Biography of Inuk artist Annie Pootoogook balances the good with the controversy, says author
Nancy Campbell followed Annie Pootoogook's career for more than 10 years
Nancy Campbell first encountered Annie Pootoogook's drawings at a small exhibition of Pootoogook's work at Toronto's Feheley Fine Arts gallery in 2003.
A year later, Campbell proposed a solo show at The Power Plant Contemporary Art Gallery, where she was curator. It finally came to fruition in 2006. Pootoogook visited Toronto for the first time for the show.
Pootoogook was from Cape Dorset, Nunavut. She had broken with artistic practices associated with that community's Kinngait Studios, opting to depict contemporary scenes of Northern life.
"At that time, she was in her 30s, she was making work that was a little bit different than what we have come to understand as what Inuit art should look like," said Campbell.
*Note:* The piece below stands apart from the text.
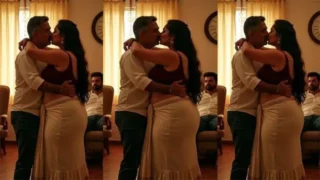 Hot Wife Fucking With Bull Infront Of Her Cuckold Husband – Indian porn video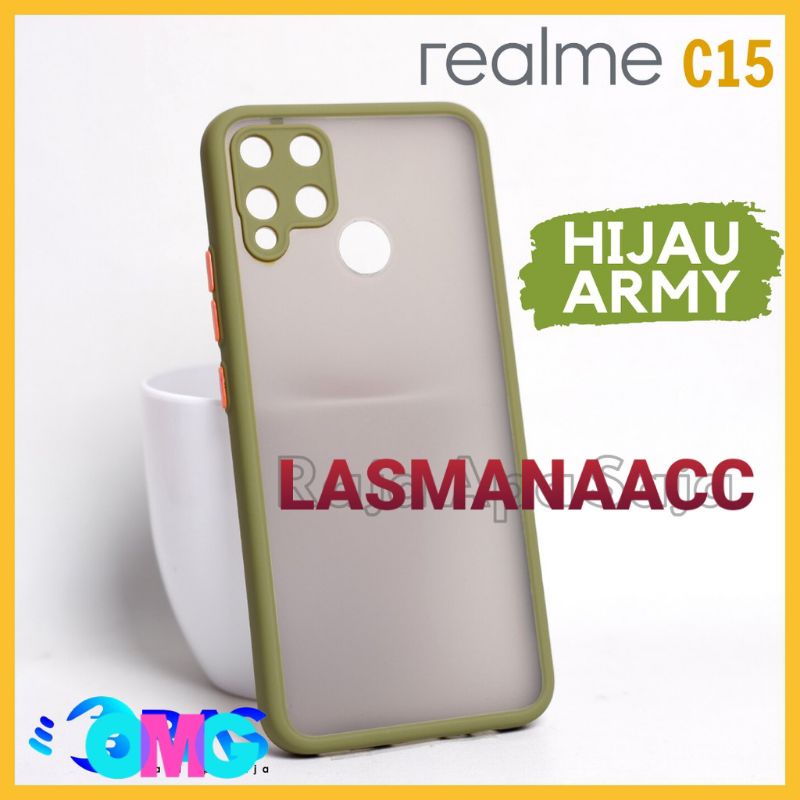 CASE AERO SLIKON MAYCUS CASING HP  REALMIE C15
Campbell continued to work with Pootoogook and to follow her career over the next 10 years, and now a year and a half after Pootoogook's death, she has put together a biography of the Inuk artist.
Companion to exhibition
Annie Pootoogook: Cutting Ice will be released Feb. 20, a week after her retrospective exhibition of the same name closes at the McMichael Canadian Art Collection, northwest of Toronto.
Curators at the McMichael Canadian Art Collection approached Campbell with the idea of an exhibition and companion book shortly after Pootoogook's death.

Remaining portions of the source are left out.